This page specifies a design for version 2.0 of the the Keep backing store server component, keepd.

See also:

Design Goals

Content-addressible storage

Keep implements a content-addressable filesystem. An object stored in Keep is identified by a hash of its content; it is not possible for two objects in Keep to have the same content but different identifiers.

Fault tolerance

Keep double-checks the content hash of an object on both reads and writes, to protect against data corruption on the network or on disk.

Todo

  • Implement server daemon (in progress)
  • Implement integration test suite (in progress)
  • Spec public/private key format and deployment mechanism
  • Spec permission signature format
  • Spec event-reporting API
  • Spec quota mechanism

Responsibilities

  • Read and write blobs on disk
  • Enforce maximum blob size
  • Enforce key=hash(value) during read and write
  • Enforce permissions when reading data (according to permissions on Collections in the metadata DB)
  • Enforce usage quota when writing data
  • Delete blobs (only when requested by data manager!)
  • Report read/write/exception events
  • Report free space
  • Report hardware status (SMART)

Other parties

  • Client distributes data across the available Keep servers (using the content hash)
  • Client attains initial replication level when writing blobs (by writing to multiple Keep servers)
  • Data manager decides which blobs to delete (e.g., garbage collection, rebalancing)
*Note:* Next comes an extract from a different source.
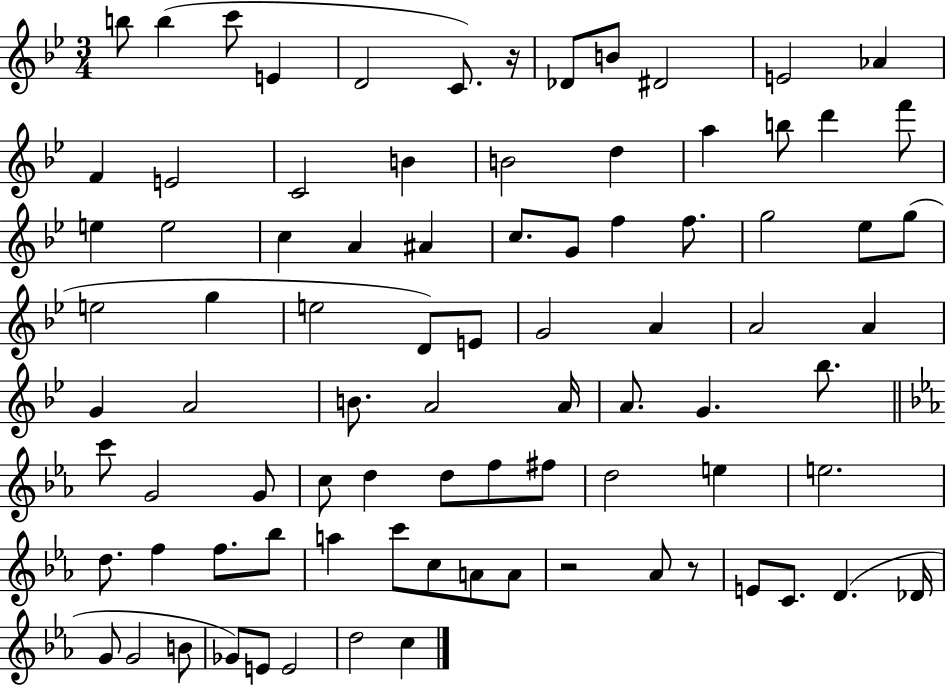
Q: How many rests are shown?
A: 3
Discovering Keep server URIs

Supported methods

For storage clients
  • GET /hash
  • GET /hash?checksum=true → verify checksum before sending
  • POST / (body=content) → hash
  • PUT /hash (body=content) → hash
  • HEAD /hash → does it exist here?
  • HEAD /hash?checksum=true → read the data and verify checksum
For system (monitoring, indexing, garbage collection)
  • DELETE /hash → delete all copies of this blob (requires privileged token!)
  • GET /index.txt → get full list of blocks stored here, including size [and whether it was PUT recently?] (requires privileged token)
  • GET /state.json → get list of backing filesystems, disk fullness, IO counters, perhaps recent IO statistics (requires privileged token)

Authentication

  • Client provides API token in Authorization header
  • Config knob to ignore authentication & permissions (for fully-shared site, and help transition from Keep1)

Permission

A signature token, unique to a {blob_hash, arvados_api_token, expiry_time}, establishes permission to read a block.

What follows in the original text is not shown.